Why it happens: Python scalars passed to CUDA kernels become kernel parameters—immediate values embedded in the kernel launch. The graph captures the kernel launch with that specific scalar value. During replay, the exact same kernel launch is executed with the exact same scalar value, regardless of what your Python code does.

Example:

import torch

def test():
    def func(tensor: torch.Tensor, exponent: int):  # exponent is Python int
        return torch.float_power(tensor, exponent)

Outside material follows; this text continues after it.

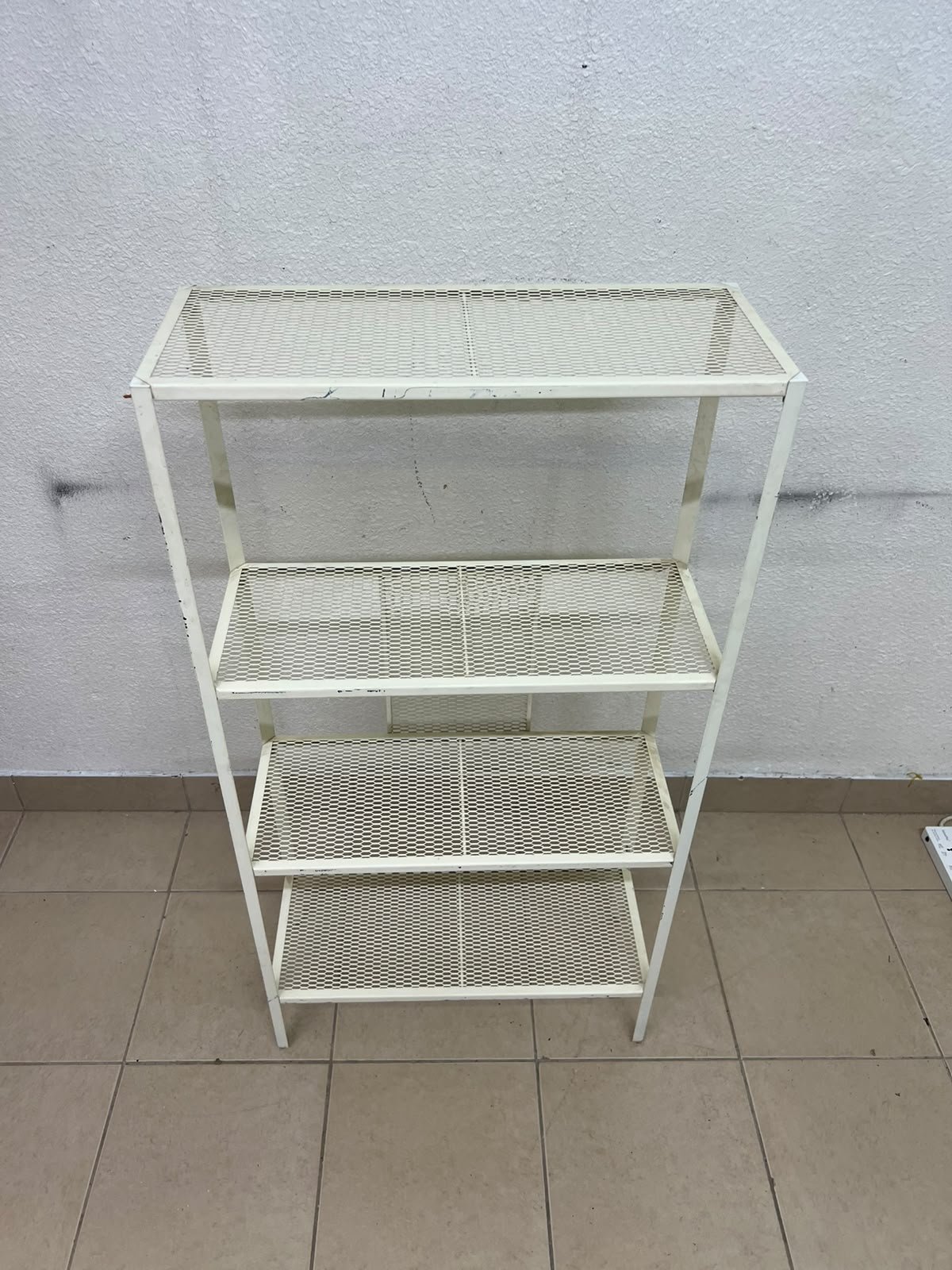 An IKEA shelving unit known as BAGGEBO, made of metal and finished in white. - Image 4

    x = torch.tensor(2, device="cuda", dtype=torch.int32)
    graph = torch.cuda.CUDAGraph()

    for i in range(6):
        if i < 3:  # warmup
            y = func(x, i)
        elif i == 3:  # capture with exponent=3
            with torch.cuda.graph(graph):
                y = func(x, i)  # Captures: power(x, 3)
            graph.replay()
        else:  # replay
            graph.replay()  # Always power(x, 3), even though i changes!
        print(f"{i=}, {y.item()=}")

Output:

i=0, y.item()=1.0  ← 2^0 = 1
i=1, y.item()=2.0  ← 2^1 = 2
i=2, y.item()=4.0  ← 2^2 = 4
i=3, y.item()=8.0  ← Graph captured: 2^3 = 8
i=4, y.item()=8.0  ← Graph replay: still 2^3 = 8 (i=4 ignored)
i=5, y.item()=8.0  ← Graph replay: still 2^3 = 8 (i=5 ignored)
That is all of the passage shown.